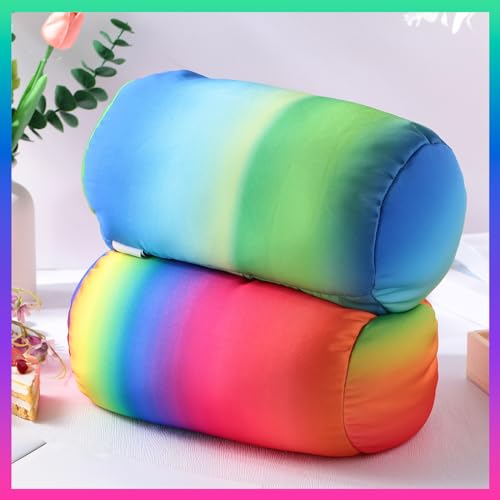 Barydat 2 Pcs Microbead Pillow Microbead Pillows Neck 11.4 x 6.3 in Body Support Microbead Bolster Cylindrical Pillow Colorful Rainbow Neck Pillow for Sleeping Travel Head Back Cervical Cushion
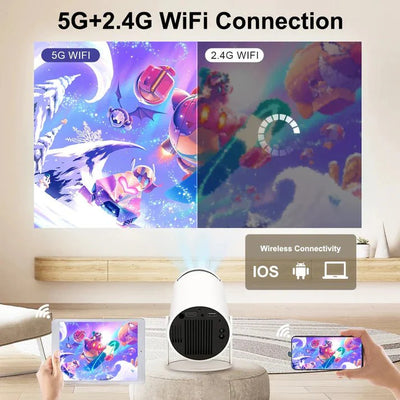 "4K Portable HD Projector - Bluetooth, WiFi6, Smart Home Cinema"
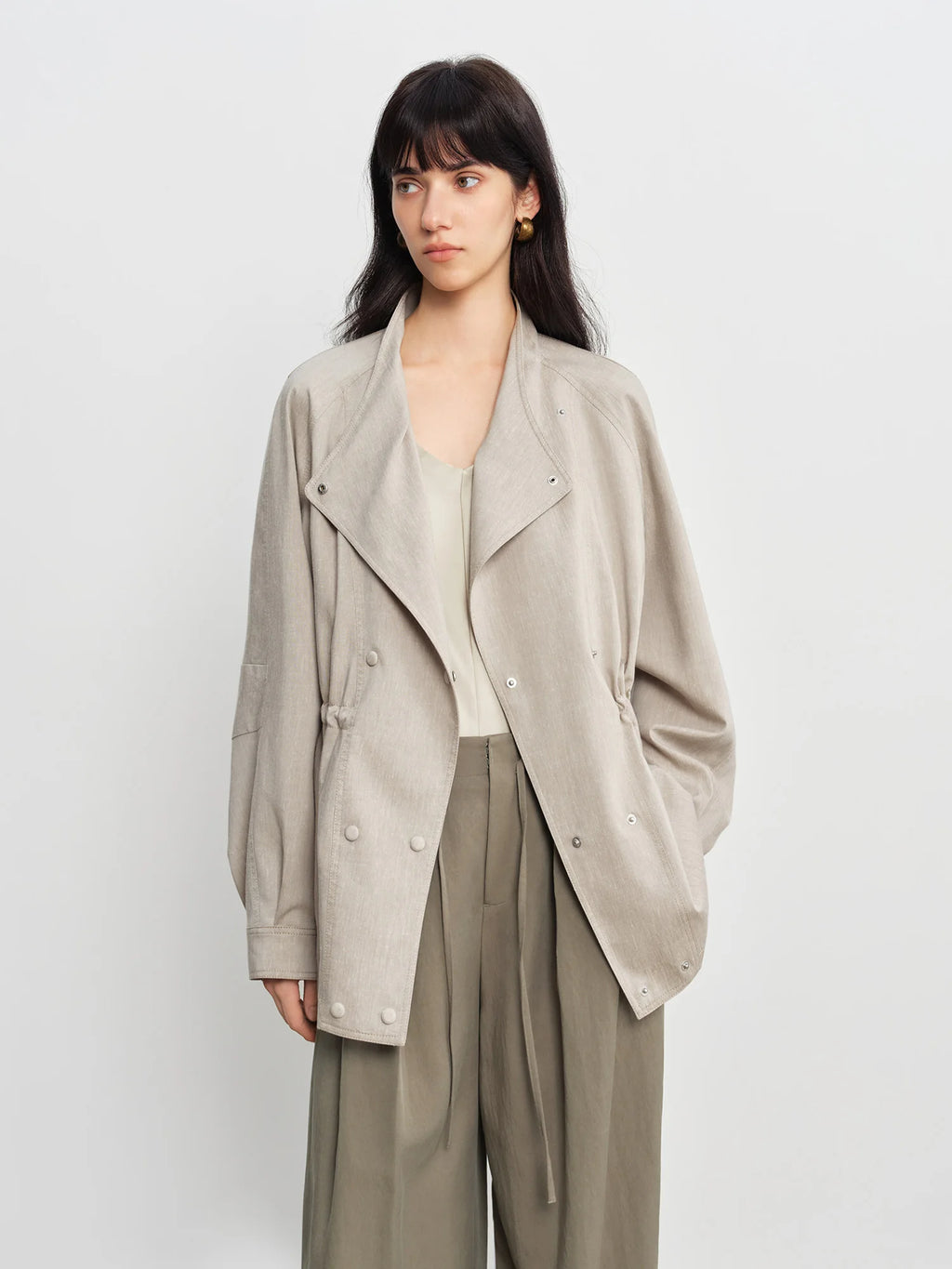 Women's Crossover Lapel Raglan Trench Coat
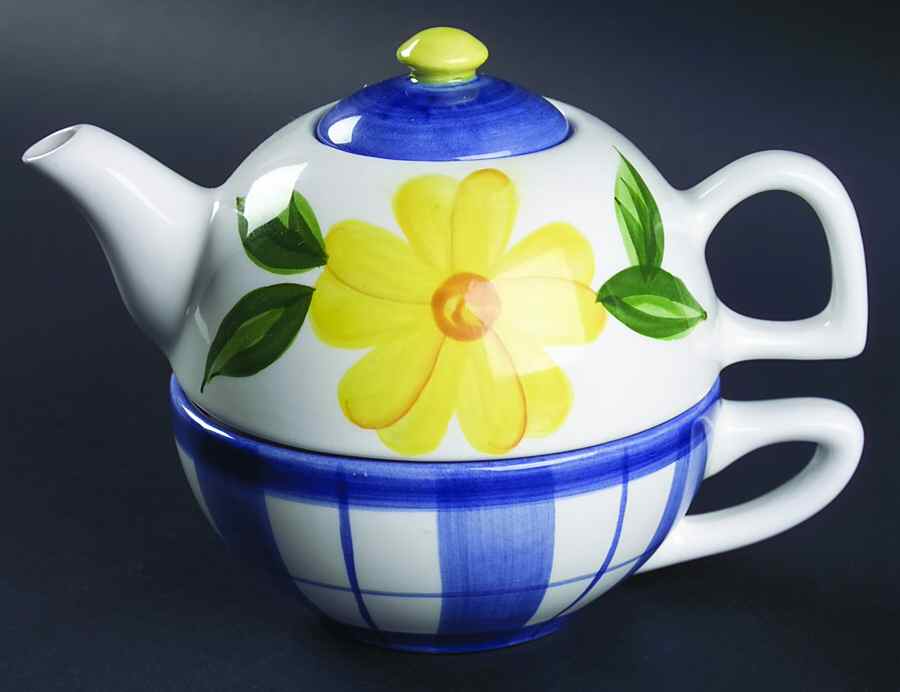 San Remo Individual Teapot & Lid with Cup by A Step Beyond-1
◆ ◆ ◆ ◆ ◆ ◆ ◆
**WORK ITEM**
What you return should match the material line for line, with the images removed.

**EXPECTED OUTPUT**
 Barydat 2 Pcs Microbead Pillow Microbead Pillows Neck 11.4 x 6.3 in Body Support Microbead Bolster Cylindrical Pillow Colorful Rainbow Neck Pillow for Sleeping Travel Head Back Cervical Cushion
 "4K Portable HD Projector - Bluetooth, WiFi6, Smart Home Cinema"
 Women's Crossover Lapel Raglan Trench Coat
 San Remo Individual Teapot & Lid with Cup by A Step Beyond-1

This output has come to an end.